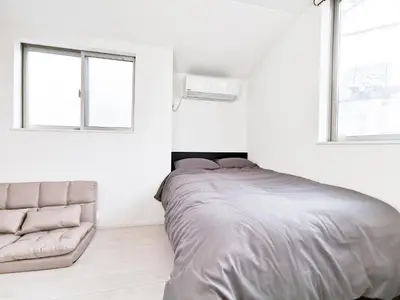 a white bedroom with a bed and a couch at Private Hotel Oshiage in Tokyo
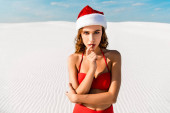 sexy žena v Santa klobouku a plavky při pohledu na kameru na pláži v Maledivách 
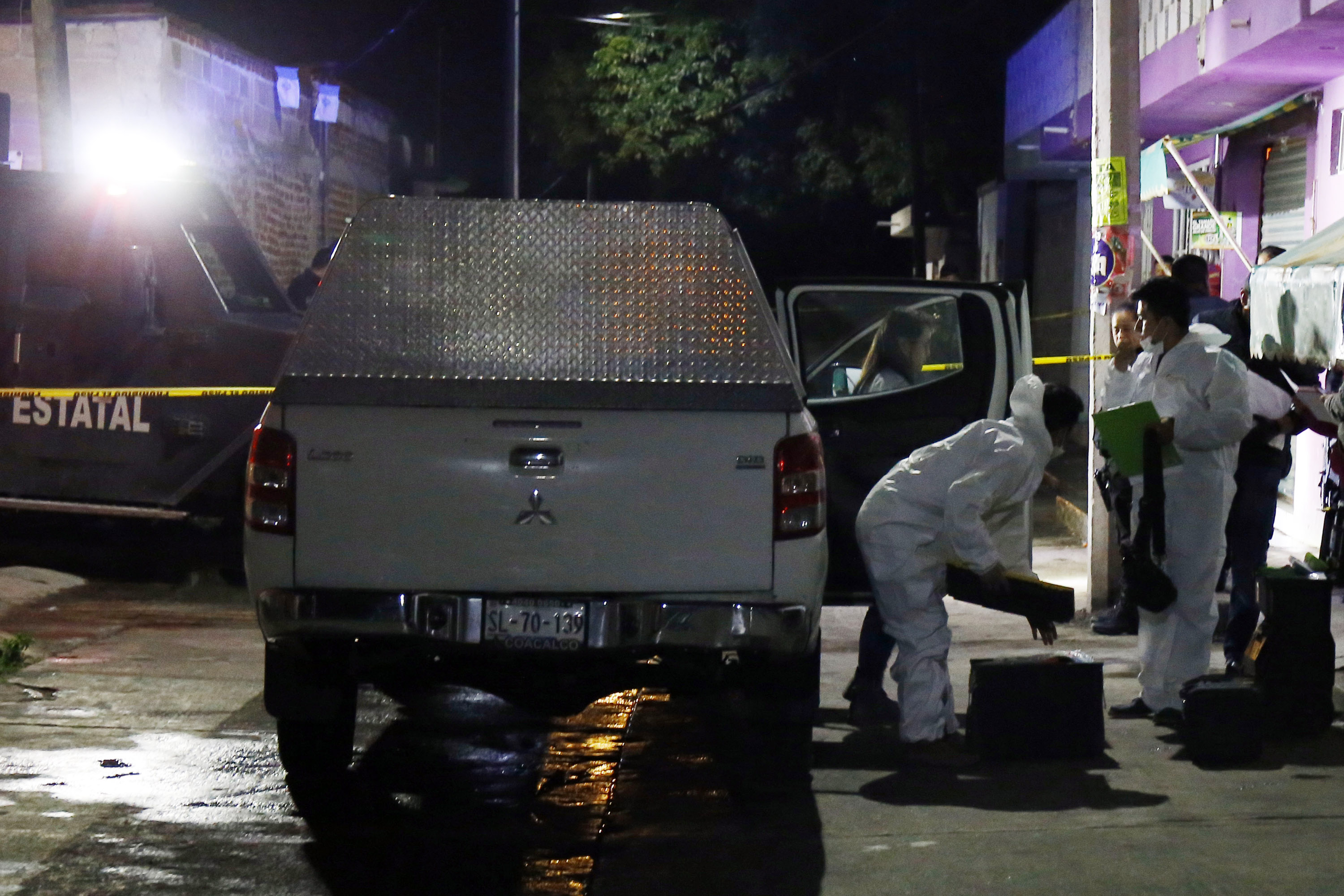 Sepultan a familia asesinada en Tecaltzingo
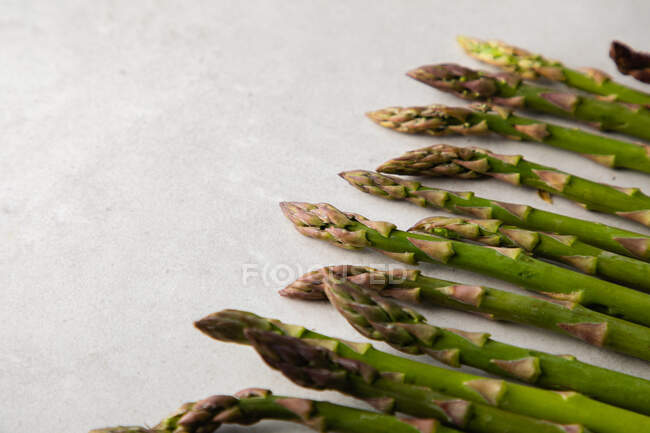 Flat lay of fresh asparagus on white marble table — Stock Photo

-- Problem to work on --
Before copying the material, set its pictures aside; then transcribe it word for word.

-- Response area --
 a white bedroom with a bed and a couch at Private Hotel Oshiage in Tokyo
 sexy žena v Santa klobouku a plavky při pohledu na kameru na pláži v Maledivách 
 Sepultan a familia asesinada en Tecaltzingo
 Flat lay of fresh asparagus on white marble table — Stock Photo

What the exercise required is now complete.